I remember a time when…
…being able to tell people that I have owned a Nintendo Wii since midnight November 19, 2007 – the moment the Wii was released – was a legitimate bragging right.
I’m a member of Nintendo’s hardcore fan base – a group that is well-known for its loyalty and enthusiasm to the entire gaming community – and I’m pissed off. In times like these, when Nintendo’s focus is more on getting Grandma and Grandpa to buy gifts for their legions of fake neighbors in Animal Crossing: City Folk, I’m enraged by the lack of quality gaming Nintendo is developing for its fans.
The hardcore fan base doesn’t care about what color ponies you can raise in the next Barbie: Horse Adventures game or jump for joy over the release of Wii Olympics – we want the next Zelda or Metroid game to come out, dazzle us, and keep us happy and entertained until the next game in the series comes to the market. Nintendo’s roster of 2009 games and attitude towards its fans, however, seem to indicate that they no longer give a damn.
After the debut of Microsoft’s Xbox 360, the other two leading developers released their systems. It has been little over a year since the Wii’s release, and Satoru Iwata, Nintendo’s president, revealed in an interview with German website Spiegel Online that if the Wii had not been successful, he would have had to start looking for another job. Roughly translated, “I was lucky everything worked so quickly.”
However, the Wii is successful; financially, it is the most successful video game console ever released, far outselling its competitors.

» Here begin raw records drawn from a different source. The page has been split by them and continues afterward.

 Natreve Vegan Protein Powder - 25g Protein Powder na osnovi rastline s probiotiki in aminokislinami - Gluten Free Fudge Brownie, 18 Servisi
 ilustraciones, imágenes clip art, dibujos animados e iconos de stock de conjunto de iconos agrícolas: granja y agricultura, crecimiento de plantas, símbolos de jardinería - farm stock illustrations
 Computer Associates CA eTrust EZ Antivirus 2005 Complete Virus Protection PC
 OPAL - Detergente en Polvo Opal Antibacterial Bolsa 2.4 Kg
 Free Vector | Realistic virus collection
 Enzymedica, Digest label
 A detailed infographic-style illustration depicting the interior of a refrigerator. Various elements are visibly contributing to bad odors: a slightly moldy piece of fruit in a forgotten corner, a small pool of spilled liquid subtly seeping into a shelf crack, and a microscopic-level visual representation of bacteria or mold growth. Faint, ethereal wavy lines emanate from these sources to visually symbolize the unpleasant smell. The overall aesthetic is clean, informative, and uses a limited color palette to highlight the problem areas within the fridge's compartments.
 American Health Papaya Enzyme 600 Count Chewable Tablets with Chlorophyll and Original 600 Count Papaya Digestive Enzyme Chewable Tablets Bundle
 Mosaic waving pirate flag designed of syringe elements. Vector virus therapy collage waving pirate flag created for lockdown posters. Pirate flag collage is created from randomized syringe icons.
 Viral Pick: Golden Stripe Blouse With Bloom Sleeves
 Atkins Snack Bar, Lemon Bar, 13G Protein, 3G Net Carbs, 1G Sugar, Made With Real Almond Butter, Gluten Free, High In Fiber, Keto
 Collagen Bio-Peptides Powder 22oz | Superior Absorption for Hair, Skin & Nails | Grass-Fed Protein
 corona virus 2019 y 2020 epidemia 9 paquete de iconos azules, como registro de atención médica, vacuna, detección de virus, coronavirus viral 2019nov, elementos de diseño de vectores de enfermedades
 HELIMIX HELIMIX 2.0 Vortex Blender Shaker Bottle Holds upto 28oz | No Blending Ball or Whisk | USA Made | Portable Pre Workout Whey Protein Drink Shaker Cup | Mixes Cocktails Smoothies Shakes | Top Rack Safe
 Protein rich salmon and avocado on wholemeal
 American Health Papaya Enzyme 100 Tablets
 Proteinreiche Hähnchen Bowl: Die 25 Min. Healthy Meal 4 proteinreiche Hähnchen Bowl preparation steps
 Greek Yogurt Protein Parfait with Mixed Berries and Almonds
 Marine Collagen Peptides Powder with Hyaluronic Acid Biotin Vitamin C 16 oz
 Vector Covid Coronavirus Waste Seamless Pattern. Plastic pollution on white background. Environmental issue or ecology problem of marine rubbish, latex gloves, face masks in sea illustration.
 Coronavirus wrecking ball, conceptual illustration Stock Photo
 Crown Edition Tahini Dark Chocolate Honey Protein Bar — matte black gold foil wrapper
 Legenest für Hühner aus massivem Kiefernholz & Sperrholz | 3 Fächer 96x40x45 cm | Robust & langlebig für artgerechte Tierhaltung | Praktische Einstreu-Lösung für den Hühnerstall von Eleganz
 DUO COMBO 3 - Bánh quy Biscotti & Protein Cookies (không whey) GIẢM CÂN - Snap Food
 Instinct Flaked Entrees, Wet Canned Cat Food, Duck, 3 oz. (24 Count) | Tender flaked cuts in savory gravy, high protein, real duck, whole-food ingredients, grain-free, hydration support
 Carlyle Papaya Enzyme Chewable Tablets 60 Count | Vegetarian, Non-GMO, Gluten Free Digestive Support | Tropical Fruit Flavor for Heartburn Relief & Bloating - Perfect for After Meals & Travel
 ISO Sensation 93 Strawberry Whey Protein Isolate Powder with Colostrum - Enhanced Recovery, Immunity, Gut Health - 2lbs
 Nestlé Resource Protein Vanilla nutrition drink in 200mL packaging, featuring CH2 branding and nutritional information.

However, the system’s success has also changed Nintendo’s view on how to succeed in the industry. Their attitude seems to have become ‘less is more’ as they embrace the ‘anyone can play’ demographic, and the attitude is crushing the faith of diehard Nintendo fans – a group that defines the words loyalty and dedication.
Lately, Nintendo’s selection of Wii games (at least 60% of which are marketed towards non-gamers) is almost entirely unappealing to hardcore and casual gamers. While developers can make easy money by turning out Wii games catering to ‘everybody’ these games are typically unfulfilling. Don’t get me wrong, I enjoy Wii Sports, but when a hardcore gamer gets to the point where they can’t get much better at a game, the game gets boring unless it has something called replay value – the ability to stay fresh and entertaining despite the fact that you’ve beat it a hundred times. To a console gamer, this is usually the deciding factor in buying a game.
After the release of Super Smash Bros. Brawl, Nintendo has practically stopped releasing games of quality, while other consoles continue to produce blockbuster games like Silent Hill 5 and Bioshock. In the age of next-gen consoles, the Wii is not nearly as mechanically powerful as either of its opponents, yet greatly outsells them because it is at least $100 cheaper and comes with the game that most buyers want: Wii Sports. Another $100 will get them Wii Fit and the Wii Balance Board, which is an exercise routine instead of an actual game. After various daytime talk shows like Ellen and Oprah discovered that Wii Fit helps lose weight and get in shape, the Wii’s popularity craze grew. People of any age were then encouraged to purchase the system, because having a personal fitness trainer for $100 that you can actually enjoy in the comfort of your own home is much better than taking your stress to the gym.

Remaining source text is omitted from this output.